Idea is to reduce data page contention within same data sharing member. Here data pages are grouped based on similar free space into a container called as Pipe. Now every thread that comes in, take one page out of that pipe depending on what kind of space is required for that row. Once that page is taken out of the pipe, that page is considered temporarily unavailable for other threads to use. By this technique, Thread 2 and Thread 3 will get different pages from different pipe may be.

  • There is an Red Alert at the moment on IAG2, its due to a customer having IAG2 activated in one member and uses IAG1 in another member.

  • INSERT ALGORITHM 2 can be mentioned in CREATE TABLESPACE statement

  • Intention is to improved performance and usability

    • By reducing data page and space map page contention
    • Increase concurrent insert throughput
    • Possible CPU time reduction
    • Does not help if insert performance bottleneck is log writes and/or index page splits
  • Only for UTS with MEMBER CLUSTER after V12 FLM500

  • Space is pre-allocated in order to fill up the pipes

    • Space allocation is evaluated at the beginning of physical open and real time when shortage of available pages in each individual pipe
  • Plan for additional real memory for pipes

    • Approximately 32K per pipe for variable length, 16K for fixed length rows
  • Plan for larger buffer pool to get better bufferpool hit ratio

  • It is recommended to keep same ZPARM value among all members of data sharing group (ie., DEFAULT_INSERT_ALGORITHM=1/2)

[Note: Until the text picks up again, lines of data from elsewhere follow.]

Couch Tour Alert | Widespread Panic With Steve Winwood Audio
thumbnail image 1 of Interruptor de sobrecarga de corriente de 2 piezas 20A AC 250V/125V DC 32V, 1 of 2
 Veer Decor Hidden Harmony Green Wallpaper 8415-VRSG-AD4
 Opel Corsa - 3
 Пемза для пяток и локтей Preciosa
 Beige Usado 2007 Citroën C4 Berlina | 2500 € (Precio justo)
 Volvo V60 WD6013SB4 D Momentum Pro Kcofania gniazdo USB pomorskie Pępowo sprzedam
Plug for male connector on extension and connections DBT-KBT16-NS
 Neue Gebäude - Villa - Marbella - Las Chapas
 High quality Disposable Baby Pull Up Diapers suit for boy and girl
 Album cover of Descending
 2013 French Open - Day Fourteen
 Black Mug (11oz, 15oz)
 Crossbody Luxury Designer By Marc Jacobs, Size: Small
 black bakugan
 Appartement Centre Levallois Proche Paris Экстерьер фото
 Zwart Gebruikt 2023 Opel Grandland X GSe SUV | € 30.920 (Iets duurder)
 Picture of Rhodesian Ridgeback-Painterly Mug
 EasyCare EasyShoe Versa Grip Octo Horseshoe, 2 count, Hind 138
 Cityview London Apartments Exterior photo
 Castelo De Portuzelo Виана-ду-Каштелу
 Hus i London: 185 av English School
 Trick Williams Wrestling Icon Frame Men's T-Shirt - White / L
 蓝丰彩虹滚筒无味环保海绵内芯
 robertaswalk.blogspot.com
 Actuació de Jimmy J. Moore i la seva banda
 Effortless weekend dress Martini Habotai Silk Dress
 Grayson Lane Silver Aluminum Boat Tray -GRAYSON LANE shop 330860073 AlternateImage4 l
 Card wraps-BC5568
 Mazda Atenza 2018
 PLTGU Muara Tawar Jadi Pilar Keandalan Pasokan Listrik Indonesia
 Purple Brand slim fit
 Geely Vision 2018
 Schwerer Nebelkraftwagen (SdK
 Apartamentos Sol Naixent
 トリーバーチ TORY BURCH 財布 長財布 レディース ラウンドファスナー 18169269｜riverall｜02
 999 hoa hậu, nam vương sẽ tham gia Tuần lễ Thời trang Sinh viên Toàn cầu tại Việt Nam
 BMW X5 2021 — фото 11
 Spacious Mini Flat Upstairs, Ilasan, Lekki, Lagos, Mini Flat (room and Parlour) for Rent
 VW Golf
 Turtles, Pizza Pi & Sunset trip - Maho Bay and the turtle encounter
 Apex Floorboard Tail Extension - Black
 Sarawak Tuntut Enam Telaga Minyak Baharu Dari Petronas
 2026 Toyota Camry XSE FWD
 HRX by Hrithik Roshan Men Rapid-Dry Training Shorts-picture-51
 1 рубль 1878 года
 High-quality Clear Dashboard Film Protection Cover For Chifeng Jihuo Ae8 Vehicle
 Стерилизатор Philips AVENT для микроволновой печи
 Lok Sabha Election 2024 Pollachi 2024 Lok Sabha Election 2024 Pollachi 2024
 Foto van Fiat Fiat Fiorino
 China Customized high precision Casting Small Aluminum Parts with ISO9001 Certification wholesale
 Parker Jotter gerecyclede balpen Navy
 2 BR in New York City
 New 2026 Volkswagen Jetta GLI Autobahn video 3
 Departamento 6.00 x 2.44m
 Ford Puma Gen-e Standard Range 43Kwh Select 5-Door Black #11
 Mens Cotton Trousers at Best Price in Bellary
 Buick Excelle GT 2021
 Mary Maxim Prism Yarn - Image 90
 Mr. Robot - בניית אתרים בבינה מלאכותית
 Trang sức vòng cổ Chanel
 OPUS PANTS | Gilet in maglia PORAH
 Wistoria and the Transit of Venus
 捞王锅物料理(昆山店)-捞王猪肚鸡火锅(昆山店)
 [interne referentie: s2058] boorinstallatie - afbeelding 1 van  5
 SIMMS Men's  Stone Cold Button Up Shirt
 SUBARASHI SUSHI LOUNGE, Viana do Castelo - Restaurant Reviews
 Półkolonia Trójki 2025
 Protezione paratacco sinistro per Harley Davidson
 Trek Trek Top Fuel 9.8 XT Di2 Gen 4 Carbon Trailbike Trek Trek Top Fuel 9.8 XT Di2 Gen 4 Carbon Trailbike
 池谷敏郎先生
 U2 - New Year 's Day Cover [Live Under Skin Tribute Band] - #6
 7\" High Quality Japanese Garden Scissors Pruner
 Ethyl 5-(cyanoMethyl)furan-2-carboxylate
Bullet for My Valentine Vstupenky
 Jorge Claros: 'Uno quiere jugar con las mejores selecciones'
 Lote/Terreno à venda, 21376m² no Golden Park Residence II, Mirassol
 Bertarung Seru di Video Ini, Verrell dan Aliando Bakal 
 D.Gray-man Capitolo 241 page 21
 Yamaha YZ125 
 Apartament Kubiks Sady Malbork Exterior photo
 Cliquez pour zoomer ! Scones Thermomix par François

  • When IAG2 is disabled, insert process falls back to using Insert Algorithm 1. It can get disabled due to

    • Pages are refilled to the pipe when it hits refill threshold
    • Table space is out of space
    • When there is a lock escalation or SQL LOCK TABLE

Case study #3: Alternative design to improve insert performance

For PBG clustered sequential insert, “hot spot” can occur within partition

Db2 PBG to PBR using ROWID

  • Convert to a partition-by-range table space to distribute INSERTs more evenly
  • Add a hidden ROWID column and partition using it. It doesn't impact application.
    • Db2 assigns a pseudo-random value to the first 8 bytes of generated ROWID values

Table DDL

  • Rows are evenly distributed across when using structure like this.
  • Note : Clustering is not followed here.

Q&A Session

Db2 General Space Search using clustering index
  • Db2 will identify using clustering index path of the next RID
  • Look in the index, the key RID path and thats gonna identify the target data page.
  • If that target data page is full, non-enough space available or locked, its gonna search forward and backward inside the segment, its the easy search.
  • If it cant find, its going to go end of the tablespace without extending it. Now, from this point onwards your clustering is affected straight away.
  • Then also, if it cant find, then its going to do exhaustive search, smart exhaustive search. Db2 is going to look in the front for earliest segment with space and go upto 50 space maps then ultimately, if it reaches thrice the priqty or secqty then Db2 does the exhaustive space search.
  • Db2 is going to go to the front of the tablespace or first partition and search all space maps looking for holes to fill.

Additional Information
  • Having a large SEGSIZE(32 or 64) helps in maintaining data row clustering.
  • When you do append, it going to latch the last spacemap looking for space and its going to have a window for looking for space here.